-- RECORDS TO USE follows --

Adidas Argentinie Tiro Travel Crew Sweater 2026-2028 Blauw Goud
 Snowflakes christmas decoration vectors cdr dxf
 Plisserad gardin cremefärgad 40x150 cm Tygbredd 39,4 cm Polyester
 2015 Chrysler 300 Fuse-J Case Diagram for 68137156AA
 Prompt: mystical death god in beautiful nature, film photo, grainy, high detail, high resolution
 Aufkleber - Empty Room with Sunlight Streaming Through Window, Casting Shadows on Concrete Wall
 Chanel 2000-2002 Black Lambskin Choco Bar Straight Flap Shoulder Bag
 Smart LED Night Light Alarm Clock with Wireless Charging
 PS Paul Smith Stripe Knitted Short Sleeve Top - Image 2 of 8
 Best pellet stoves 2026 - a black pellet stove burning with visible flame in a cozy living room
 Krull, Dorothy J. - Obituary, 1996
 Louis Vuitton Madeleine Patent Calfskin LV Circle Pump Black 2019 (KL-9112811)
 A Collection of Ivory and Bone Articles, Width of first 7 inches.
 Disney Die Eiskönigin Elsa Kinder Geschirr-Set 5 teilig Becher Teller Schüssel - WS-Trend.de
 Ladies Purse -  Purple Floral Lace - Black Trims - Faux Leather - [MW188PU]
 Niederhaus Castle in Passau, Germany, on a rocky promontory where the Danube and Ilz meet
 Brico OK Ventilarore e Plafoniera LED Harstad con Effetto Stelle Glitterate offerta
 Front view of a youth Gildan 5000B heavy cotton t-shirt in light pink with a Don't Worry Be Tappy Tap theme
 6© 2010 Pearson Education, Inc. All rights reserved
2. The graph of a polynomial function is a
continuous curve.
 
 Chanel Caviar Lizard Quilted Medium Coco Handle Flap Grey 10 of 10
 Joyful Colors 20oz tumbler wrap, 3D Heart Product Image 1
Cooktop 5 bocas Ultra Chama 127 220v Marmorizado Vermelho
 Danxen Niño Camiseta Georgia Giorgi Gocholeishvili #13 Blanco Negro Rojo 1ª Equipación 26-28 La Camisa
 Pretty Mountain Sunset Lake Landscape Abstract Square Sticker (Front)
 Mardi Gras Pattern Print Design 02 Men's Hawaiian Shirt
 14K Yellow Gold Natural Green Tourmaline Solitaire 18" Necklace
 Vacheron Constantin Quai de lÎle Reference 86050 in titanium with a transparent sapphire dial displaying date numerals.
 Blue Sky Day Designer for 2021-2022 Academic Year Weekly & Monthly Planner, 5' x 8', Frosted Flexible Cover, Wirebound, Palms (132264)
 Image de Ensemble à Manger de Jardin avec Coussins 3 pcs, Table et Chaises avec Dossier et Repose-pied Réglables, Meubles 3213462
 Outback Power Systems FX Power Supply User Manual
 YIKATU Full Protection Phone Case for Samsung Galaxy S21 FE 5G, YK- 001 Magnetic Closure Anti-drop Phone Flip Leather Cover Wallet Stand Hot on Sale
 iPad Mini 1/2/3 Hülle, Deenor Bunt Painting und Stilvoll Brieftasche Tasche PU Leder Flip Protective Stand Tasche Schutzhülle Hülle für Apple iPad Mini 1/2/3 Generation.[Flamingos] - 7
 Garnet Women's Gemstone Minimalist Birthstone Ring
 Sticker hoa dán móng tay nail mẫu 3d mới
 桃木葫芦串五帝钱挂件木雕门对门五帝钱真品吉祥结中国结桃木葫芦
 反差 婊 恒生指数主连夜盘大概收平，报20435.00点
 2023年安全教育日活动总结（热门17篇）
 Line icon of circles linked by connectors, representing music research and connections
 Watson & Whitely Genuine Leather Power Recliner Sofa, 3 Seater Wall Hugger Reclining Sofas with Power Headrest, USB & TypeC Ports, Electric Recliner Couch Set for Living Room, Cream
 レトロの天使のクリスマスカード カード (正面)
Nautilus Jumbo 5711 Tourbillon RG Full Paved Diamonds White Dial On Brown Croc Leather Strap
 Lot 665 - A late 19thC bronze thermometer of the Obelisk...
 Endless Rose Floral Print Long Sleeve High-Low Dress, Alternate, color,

-- RECORDS TO USE concluded --

WHAT IS EXPECTED: In the records, find every line that has the string "Chanel" and copy it.

ANSWER TO THE PROBLEM:
 Chanel 2000-2002 Black Lambskin Choco Bar Straight Flap Shoulder Bag
 Chanel Caviar Lizard Quilted Medium Coco Handle Flap Grey 10 of 10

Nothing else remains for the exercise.